**Required action**
Produce the lines from the one containing "Геймърски настолен компютър с Монитор benq" through the end of the material exactly as they appear, both ends included, and leave the pictures out.

**Data below**
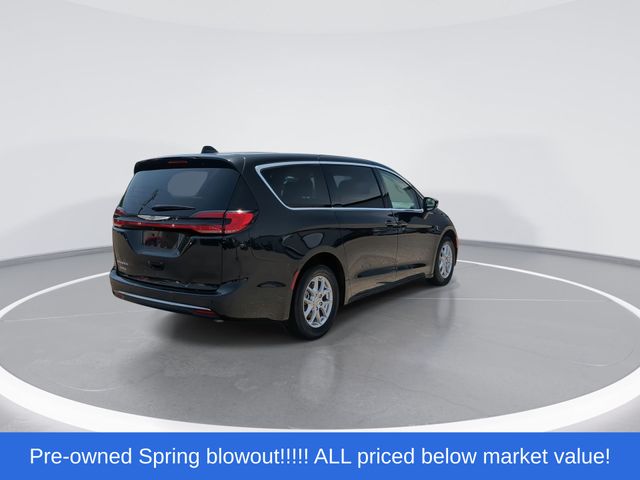Used 2023 Black Chrysler Touring L image 8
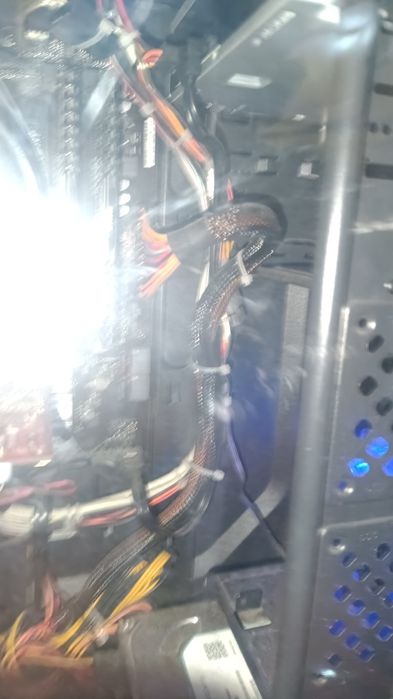 Геймърски настолен компютър с Монитор benq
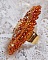 Bague Rumba brod&eacute;e avec un cabochon en Cristal de Swarovski Sunshine orn&eacute;e de facettes Cristal Jaune/Orange et Abricot &agrave; laquelle s'ajoute des chatons, rocailles Oranges et Dor&eacute;es sur bague Dor&eacute;e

**Solved problem**
 Геймърски настолен компютър с Монитор benq
 Bague Rumba brod&eacute;e avec un cabochon en Cristal de Swarovski Sunshine orn&eacute;e de facettes Cristal Jaune/Orange et Abricot &agrave; laquelle s'ajoute des chatons, rocailles Oranges et Dor&eacute;es sur bague Dor&eacute;e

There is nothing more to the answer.